In der Diözesanküche bereiten ehrenamtliche Helfer Mahlzeiten für rund zwanzig Personen zu. „Bei uns sind die jungen Leute, die gehen können, bedauert bitterlich eine von ihnen, Mirella Spadafora, 69 Jahre alt. Es gibt keine Arbeit, keine Zukunft. Eines Tages wird es niemanden mehr geben. » Bei der Caritas Kalabrien bedauern wir, dass seit der Covid-19-Pandemie das Auftreten von „Neue Arme“ in dieser Peripherie Süditaliens, die im Vergleich zu den wohlhabenden und geschäftigen Regionen der Padan-Ebene und Venetiens benachteiligt ist. Hier leben 31 % der Bevölkerung unterhalb der Armutsgrenze. Und im Hintergrund dieser düsteren Einschätzung entfaltet sich der Klientelismus und die weitverbreitete Präsenz der ‘Ndrangheta, dieser globalisierten Mafia, die ihre Wurzeln in einem Herkunftsland behält, dessen wirtschaftliches und politisches Leben sie zutiefst korrumpiert.

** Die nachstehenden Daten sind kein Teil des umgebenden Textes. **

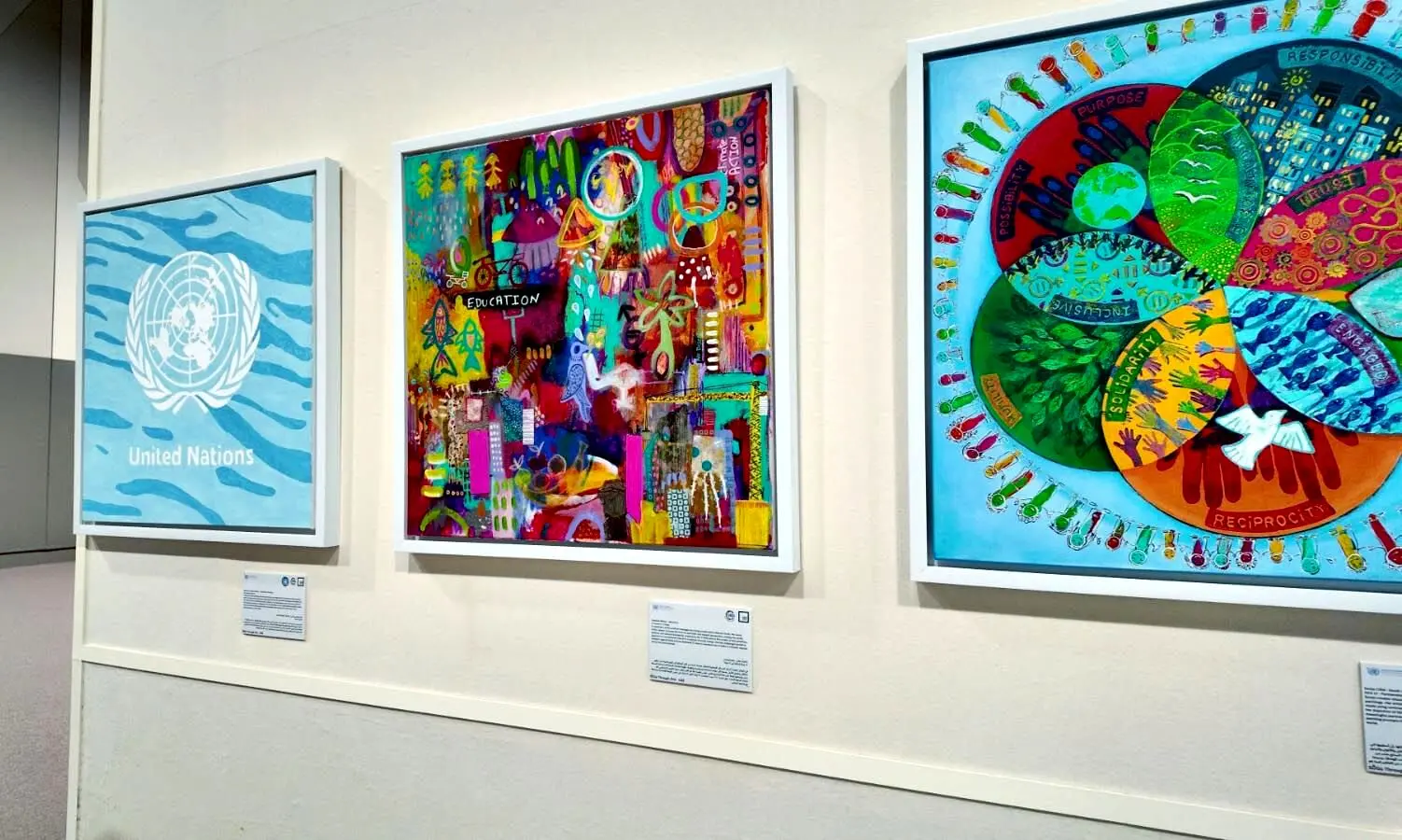 The walls and corridors of the Dubai's COP28 have transformed into an unexpected art gallery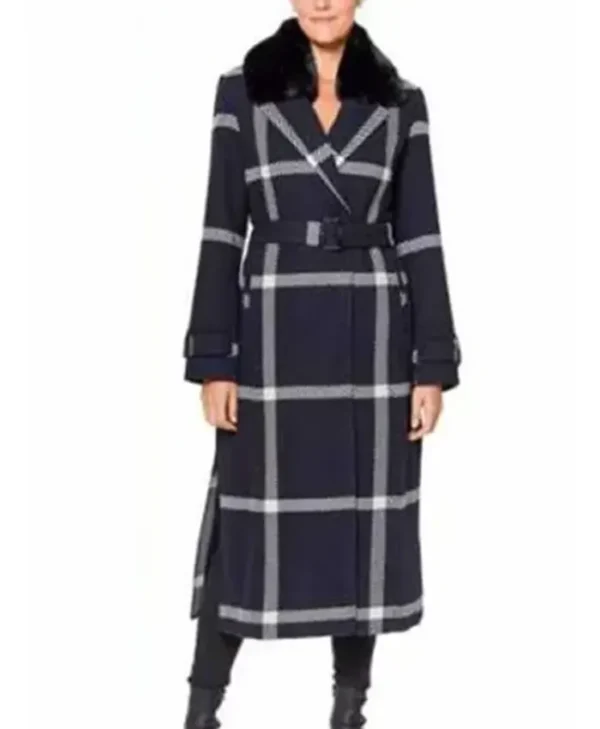 General Hospital Carly Corinthos Plaid Wool Maxi Wrap Coat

Die kalabrische Tragödie erzählt die komplexe und abwechslungsreiche Geschichte der verlassenen europäischen Länder. Derjenige, der hinter der großen Konvergenz zurückbleibt, die zwischen den Volkswirtschaften der Mitgliedstaaten beobachtet und gefeiert wird – insbesondere zwischen denen des Westens und der zehn Länder, hauptsächlich aus Mittel- und Osteuropa, die im Mai 2004 der Europäischen Union (EU) beigetreten sind . „Der Aufholprozess war sehr deutlich“, fasst Pawel Tokarski, Experte für europäische Wirtschaft am Deutschen Institut für Wissenschaft und Politik in Berlin, zusammen. Laut dem am 27. März veröffentlichten neunten Kohäsionsbericht der Europäischen Kommission ist ihr Bruttoinlandsprodukt (BIP) pro Kopf tatsächlich von 52 % auf 80 % des EU-Durchschnitts gestiegen. In Tschechien und Slowenien sind es sogar 91 %.

„Phänomen der Hypermetropolisierung“

Doch hinter diesen großen nationalen Durchschnittswerten bieten die Einzelheiten der Zahlen auf regionaler Ebene ein ganz anderes Bild. Das eines Europas, in dem Hauptstädte und Metropolen einen großen Teil des Reichtums an sich reißen, zum Nachteil der peripheren und ländlichen Gebiete.